## What is required
The entries are to be given back verbatim; no picture is to be copied.

▽

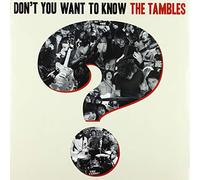 The Tambles - Don't You Want To Know The Tambles (VINYL) [VINYL]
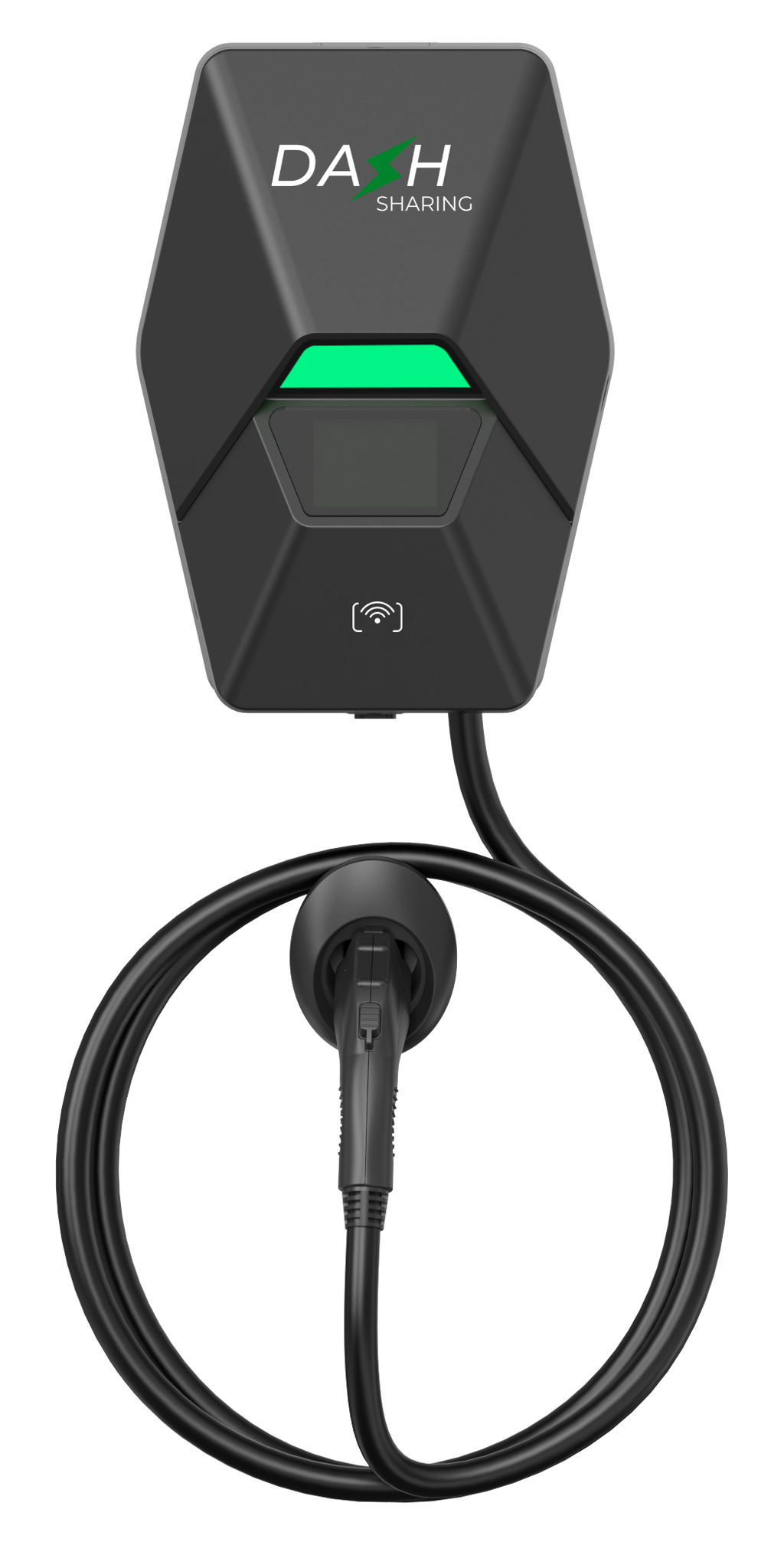 Level 2 EV Charger - 18' Cable | Free after charging 2,500KWH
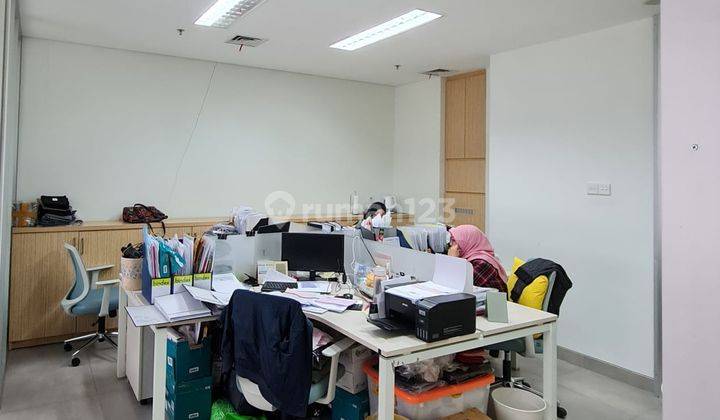 Apartment Dan Office di The Smith Alam Sutera Harga Murah 1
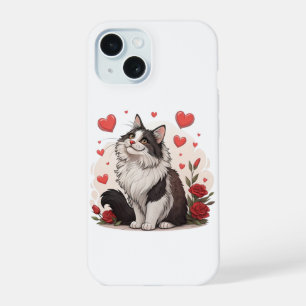 カスタムイヌイットArt Iphone 15 Case Nunavut Canada 15ケース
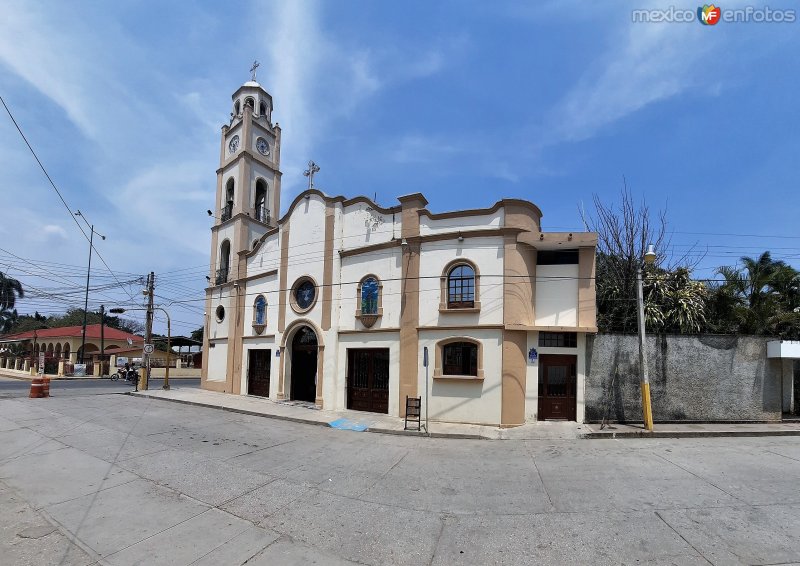 Parroquia de la Inmaculada Concepción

△

## Result below
 The Tambles - Don't You Want To Know The Tambles (VINYL) [VINYL]
 Level 2 EV Charger - 18' Cable | Free after charging 2,500KWH
 Apartment Dan Office di The Smith Alam Sutera Harga Murah 1
 カスタムイヌイットArt Iphone 15 Case Nunavut Canada 15ケース
 Parroquia de la Inmaculada Concepción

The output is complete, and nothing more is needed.